The work of the historian is always a complex and heterogeneous aggregate of theories, narrative, interpretation and analysis. Such originality as it possesses lies more often than not in the distinctive pattern which the historian gives to the components of his or her work, rather than the components themselves, many of which may be found elsewhere. The three books by Ross McKibbin which form the focus of this chapter raise interesting questions for the study of the Labour Party largely because of this type of originality in which familiar elements are given novel interpretation and arrangement. These studies are linked but they do not represent a systematic investigation of my subject matter; there are too many discontinuities for that in McKibbin's lines of enquiry: questions raised in relation to the years 1880–1914, for example, are simply dropped for the period 1918–50. Nevertheless a more or less coherent picture emerges of Labour's history in the first half of the twentieth century.

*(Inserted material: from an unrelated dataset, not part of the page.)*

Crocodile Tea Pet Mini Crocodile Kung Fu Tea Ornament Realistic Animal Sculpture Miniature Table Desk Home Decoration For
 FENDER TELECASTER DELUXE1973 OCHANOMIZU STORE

It is an account of the Labour Party that is intimately related to the social history of the working class. The main explanation of Labour's politics, achievements and limitations which emerges from McKibbin's work is grounded in the culture of its principal constituency – the British working class – rather than the party's leadership, organisation and programme. Though the first of his studies – The Evolution of the Labour Party (1974) – is an institutional history of the party, McKibbin was already persuaded that political action is the result of social and cultural attitudes which are not primarily political. Politics itself is said to play only a subordinate and inarticulate part in people's lives. The general thesis of this book – an implicit theory of British society – attributes both the rise of the Labour Party in the years up to 1924 and the slow attrition on the part of the Liberal Party to the growth of 'an acutely developed working class consciousness'. But it is a class consciousness which obstructed the spread of socialism and excluded Labour from many areas of working-class life. Though the Labour Party remained ideologically vague until at least the end of its third decade, according to McKibbin, it was unable to become the sort of catch-all 'people's party' which some of its leaders desired. It remained a class party.